Pergantian musim hujan menuju kemarau ditandai dengan pergolakan atmosfer di wilayah Indonesia. Potensi terjadinya angin kencang dan puting beliung di sejumlah daerah yang mengalami transisi musim meningkat.
Kepala Bidang Prediksi dan Peringatan Dini Cuaca Badan Meterologi, Klimatologi dan Geofisika (BMKG) Ramlan, di Jakarta, Rabu (25/4/2018) mengatakan, massa udara atau Madden Julian Oscilation (MJO) fase basah yang bergerak di sepanjang garis khatulistiwa mulai meninggalkan wilayah Indonesia, namun pusaran tekanan rendah di Selat Sunda masih bertahan.
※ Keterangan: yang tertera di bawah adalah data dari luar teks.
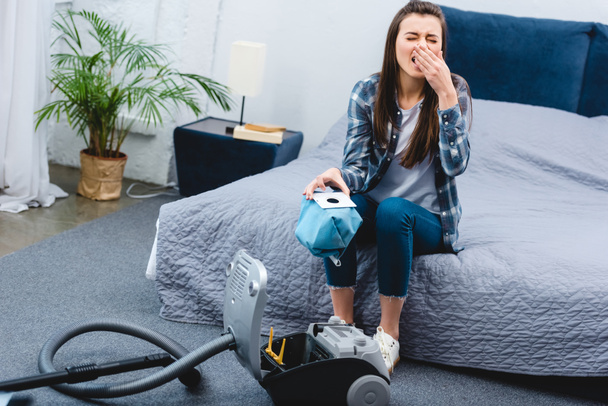 high angle view of woman with allergy holding container from vacuum cleaner with dust and sneezing in bedroom    - Fotó, kép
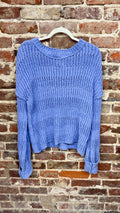 periwinkle blue open-knit long-sleeve sweater with a round neckline on a hanger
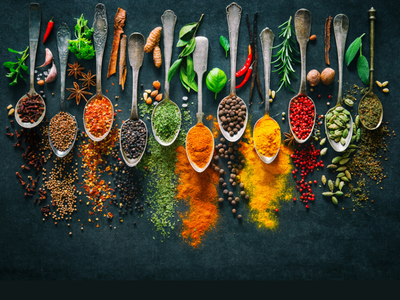 spoons line up on black background full of various herbs and spices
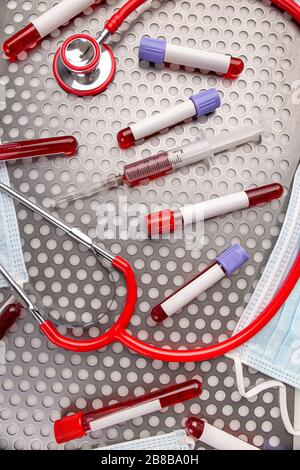 Blood sample along with syringe, protective mask and stethoscope on metal surface Stock Photo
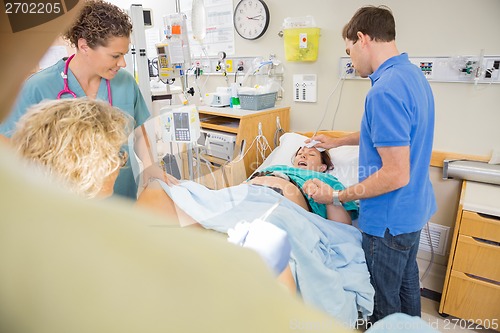 Image of Pregnant Woman Delivering a Baby in Hospital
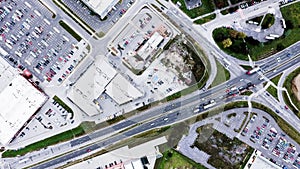 Aerial view of supermarkets, car parks and roads.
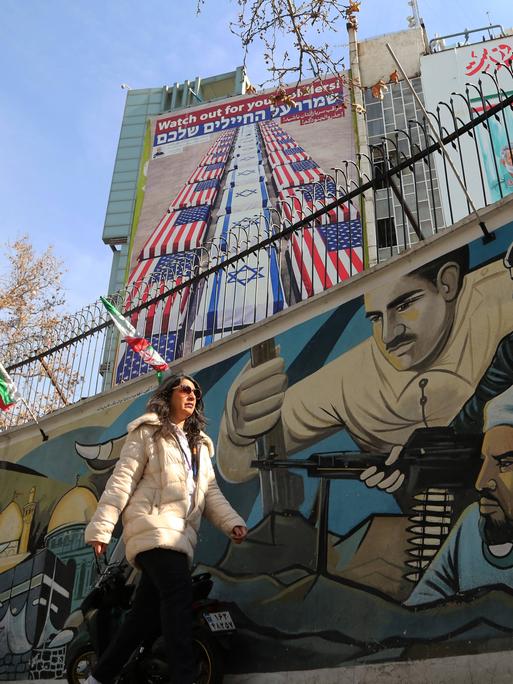 Eine Frau läuft vor einem Wandbild in Teheran entlang, das mit US-amerikanischen und israelischen Flaggen umwickelte Särge zeigt.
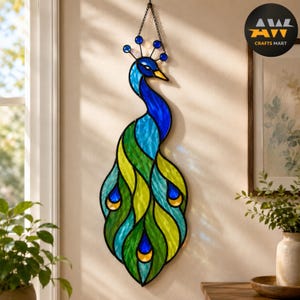 May include: A stained glass peacock wall hanging featuring vibrant blue, green, and yellow glass segments outlined in black metal. The design includes a long neck, a crest with blue glass beads, and a tail with stylised eye-shaped patterns.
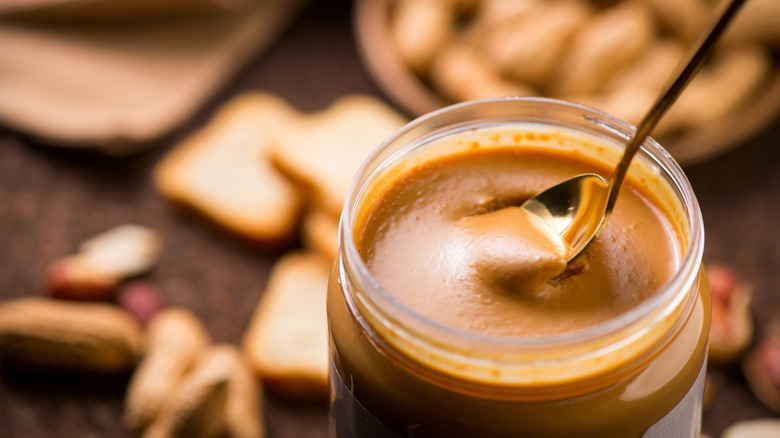 A spoon in a peanut butter jar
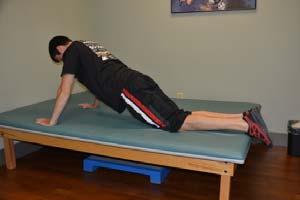 Exercise 15: Knee Push Up Starting Position: Lie on your stomach on a mat. Place your hands, palms down, on the mat at the level of your shoulders.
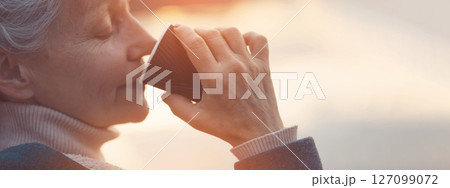 Portrait of a beautiful old lady with a coffee closeup. 127099072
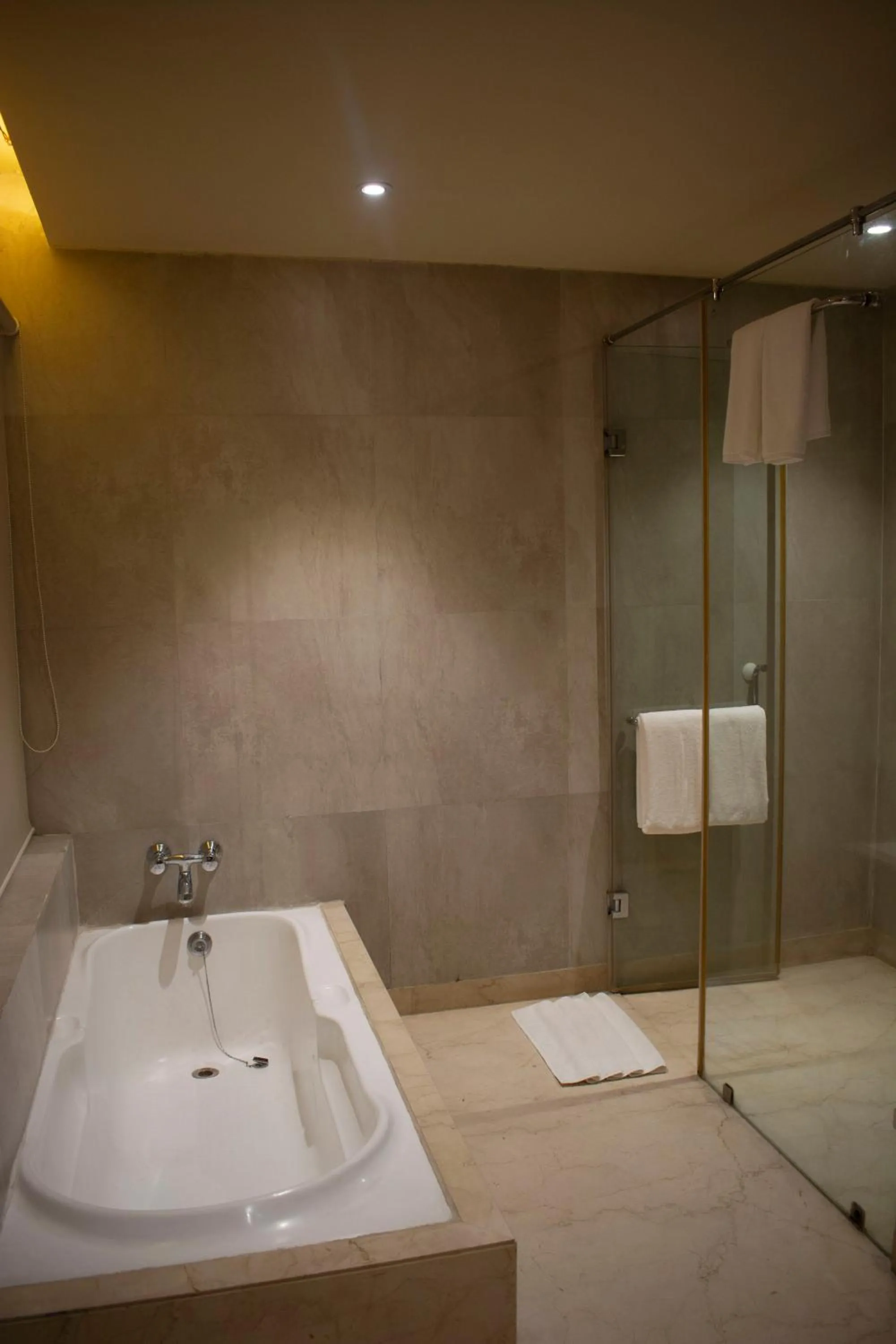 Bathroom in Regenta Orkos Kolkata by Royal Orchid Hotels Limited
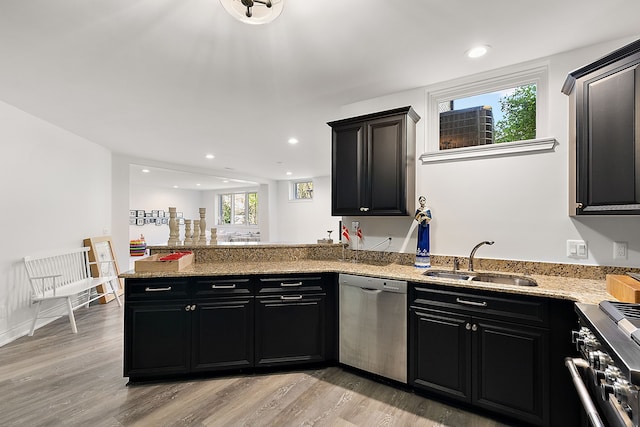 kitchen featuring appliances with stainless steel finishes, a sink, dark cabinetry, a peninsula, and recessed lighting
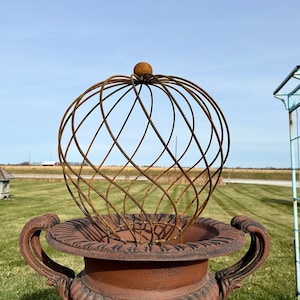 May include: A rusty metal sphere cage sits atop a brown, ornate planter with two handles. The planter is in a grassy field with a blue metal trellis in the background.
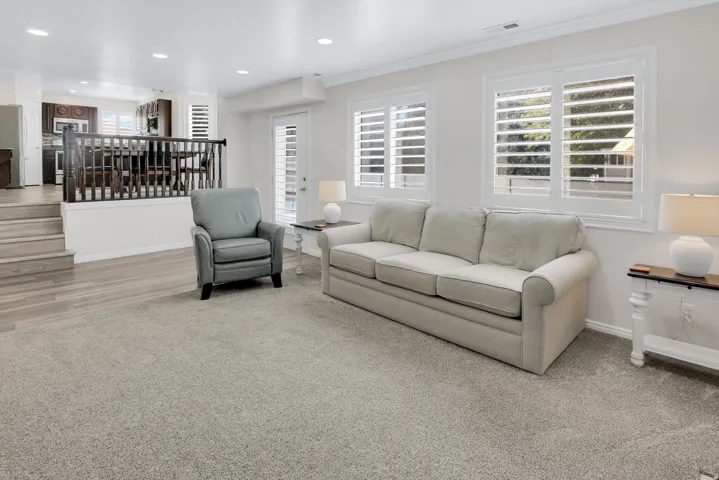Recessed lighting illuminates the space, featuring white window shutters, a white paneled door, and durable wood-finish steps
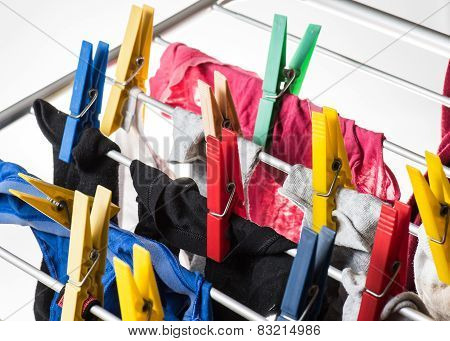Mixed  Clean Laundry Pinned With Colourful Clothespins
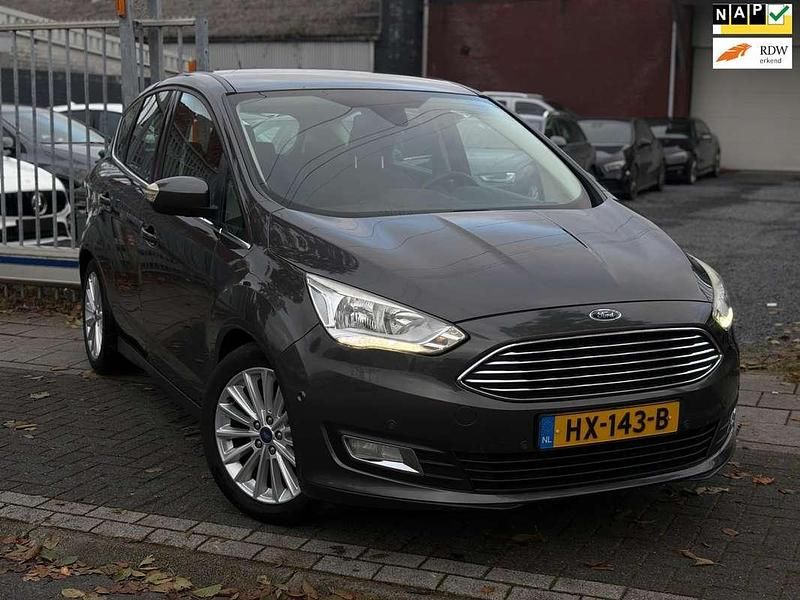 Grijs (metallic) Gebruikt 2016 Ford C-MAX Titanium MPV | € 8.495 (Eerlijke prijs) - Afbeelding 1/4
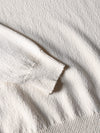 Roberto Collina Irregular Texture Skipper Polo in Soft Ecru
 detail van de stof bij checkpoint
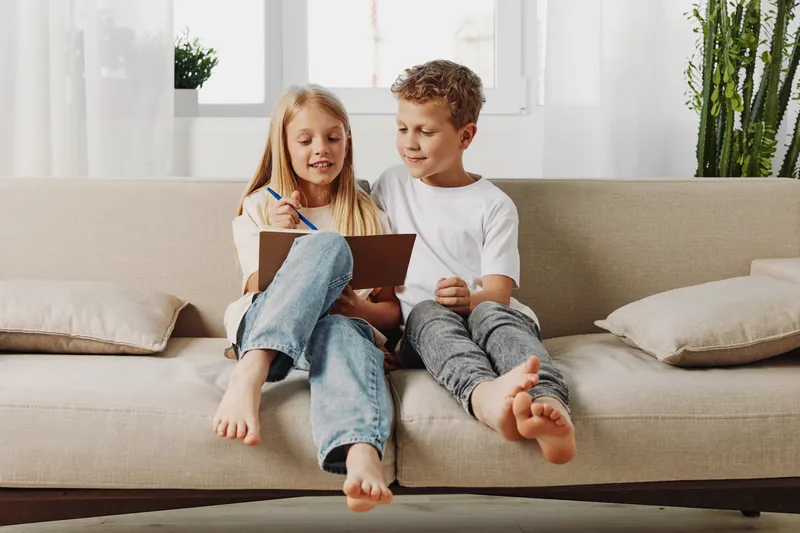 Two barefoot children sitting on a beige sofa, drawing and sharing a creative moment in a bright living room with plants and cushions.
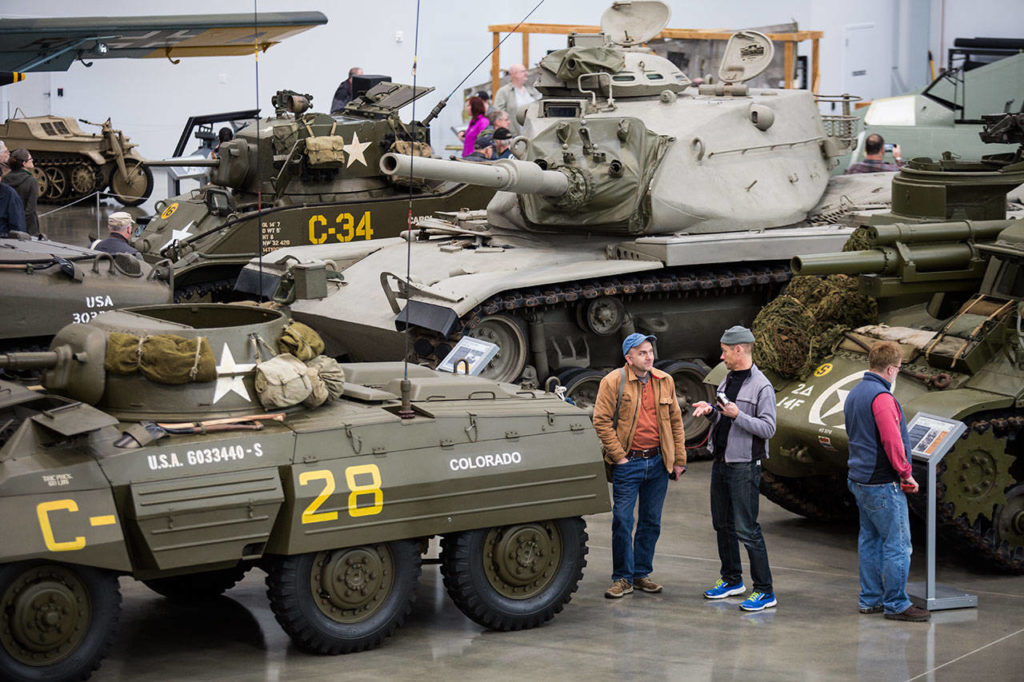 Visitors talk between a half-dozen tanks in the new hangar at the Flying Heritage & Combat Armor Museum at Paine Field on Saturday, Nov. 10, 2018 in Everett. (Andy Bronson / The Herald)

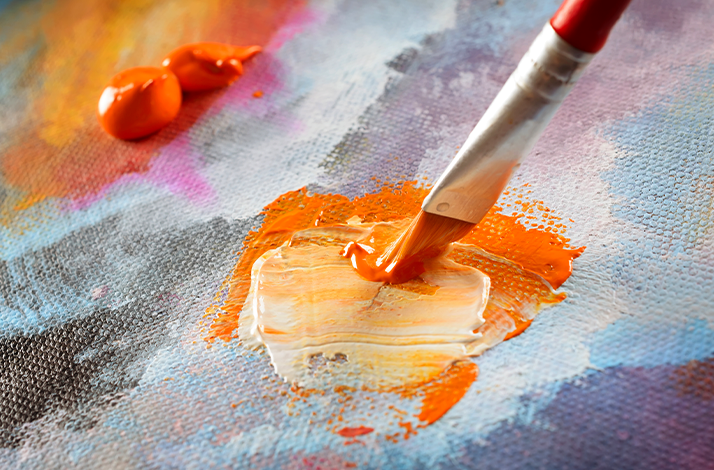 Close-up of a brush blending vibrant orange and white paint on a textured canvas
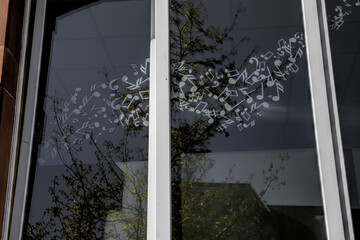 window covered with musical notes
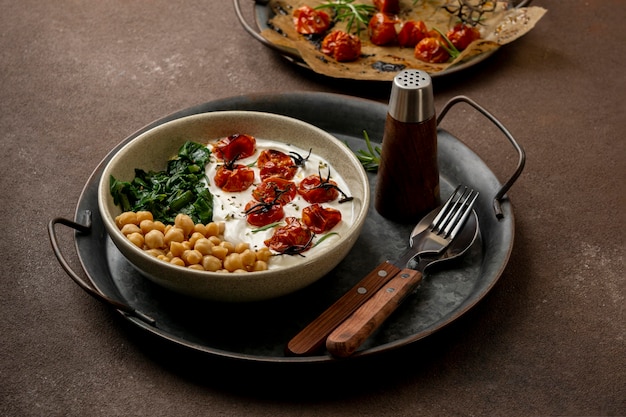 Delicious yougurt meal with chickpeas and dried tomatoes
Selain itu terjadi anomali suhu permukaan laut lebih tinggi 1 hingga 3 derajat Celcius. Hal ini memicu terjadinya potensi penguapan atau penambahan massa uap air di Laut Andaman, Selat Malaka, Samudera Hindia dari barat Aceh hingga Lampung, serta sejumlah perairan lain.
ADVERTISEMENT
SCROLL TO RESUME CONTENT
“Dengan kondisi ini, Jawa bagian barat masih berpotensi dilanda hujan hingga dua hari mendatang, namun intensitasnya akan terus menurun,” kata Ramlan.
Dengan kondisi ini, Jawa bagian barat masih berpotensi dilanda hujan hingga dua hari mendatang, namun intensitasnya akan terus menurun.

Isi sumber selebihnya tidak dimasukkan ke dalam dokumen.